L'histoire :
Turin, 1911. L’écrivain Emilio Salgari vieillit et il est las de tout. Sa femme Ida est internée dans un hôpital psychiatrique. Cette terrible nouvelle finit d’achever le pauvre homme qui vivait déjà dans la solitude et la misère. Il se souvient avec nostalgie de son passé et de ses débuts. Dès son plus jeune âge, il est attiré par l’aventure. En 1872, il se crée un petit bateau de fortune et part seul naviguer sur la rivière. L’aventure tourne court quand son fragile esquif est brisé par un rocher. C’est décidé : Emilio vivra l’aventure, mais à travers ses livres et son imagination ! Plus tard, alors qu’il est journaliste, Emilio se dispute violemment avec Biasioli, un concurrent qui l’humilie en public en révélant à tous qu’Emilio n’a jamais été capitaine et qu’il s’est créé un personnage imaginaire. Les deux hommes se battent durement et se défient dans un duel à l’épée. Le combat tourne rapidement en faveur d’Emilio, qui finit par blesser son rival. En 1897, Emilio apprend une magnifique nouvelle : il est nommé chevalier Grand-Croix et connaît la gloire. Pourtant, il va vite déchanter, poursuivi par ses écarts financiers…

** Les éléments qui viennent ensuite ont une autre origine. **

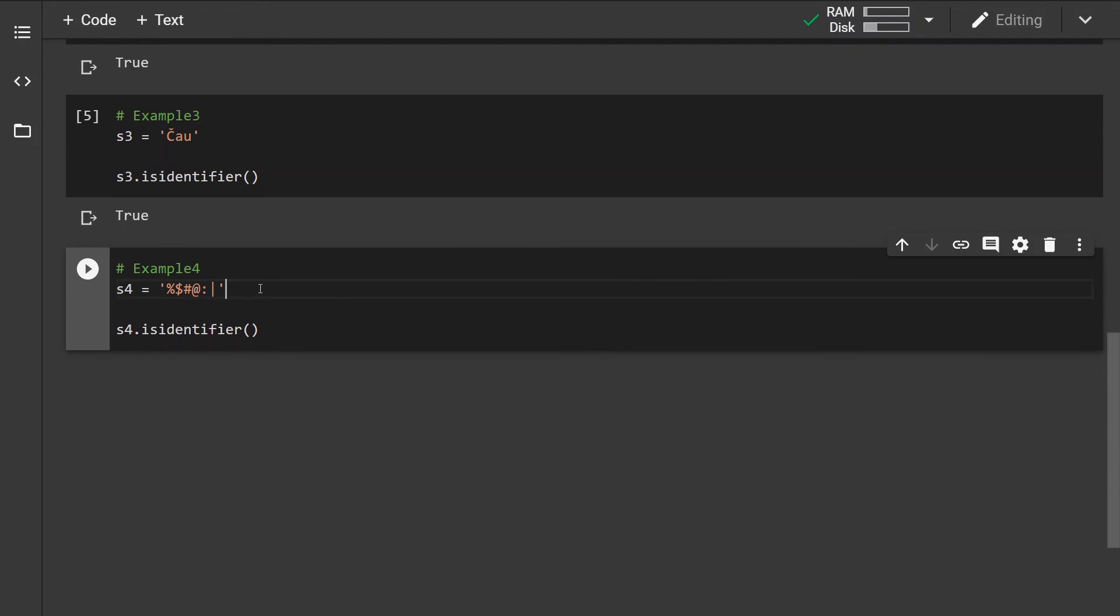And this last example, we have some special characters. If you run this you can see that this is not considered a valid identifier because all these characters in here, and many more which I did not include, are not considered valid identifier characters.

Ce qu'on en pense sur la planète BD :
Emilio Salgari était un écrivain italien du début du XXème siècle. Très populaire en Italie, il se fit connaître pour ses romans d’aventure exotiques en Orient avec son personnage Sandokan, le tigre de Bornéo. Delcourt propose une biographie assez complète de cet homme atypique, sous la direction d’un autre Italien, Paolo Bacilieri. En effet, l’écrivain était un cabotin qui se faisait appeler « capitaine »… mais qui ne bougeait jamais de sa chaise, de laquelle il s’évadait dans ses livres. De plus, malgré la gloire et le succès, il vivait dans le dénuement et la difficulté, en raison de contrats iniques avec ses employeurs. Bacilieri choisit de montrer la vie de cet auteur à rebours. On suit les derniers jours tragiques de l’écrivain avant de revenir sur certains évènements importants de sa vie et de sa carrière. Ainsi, l’album est divisé en parties plus ou moins courtes, qui sont autant de flashbacks, le tout nous rapprochant de la fin de vie de Salgari. Ces retours en arrière renforcent le côté dramatique de la chute du personnage, comme si le vieillard faisait un triste bilan sur ce qu’il a vécu. Mêlant fiction et réalité, Bacilieri cite régulièrement des extraits des romans d’Emilio, alors que l’action se passe dans un Turin pauvre et vétuste. Il y a également beaucoup de silence et la narration n’est pas toujours facile quand on ne connaît pas la vie de l’auteur. Bacilieri joue en effet sur son dessin pour transporter le lecteur et certaines séquences sont de véritables romans graphiques. Avec son goût pour les paysages, Bacilieri s’attarde sur chaque détail : un clocher, un mât de bateau ou encore un chat sur une terrasse. A partir d’un trait précis et hachuré, on goûte à la réalité d’une Italie authentique et sauvage. Le lieu est le reflet de la vie d’un homme simple et modeste, bien loin du succès ou des aventures incroyables qu’il décrivait. L’ensemble est donc assez austère et peu accessible, mais il rend un hommage touchant et juste à un écrivain que la postérité a oublié, au profit de Rudyard Kipling (cité d’ailleurs dans la bande dessinée).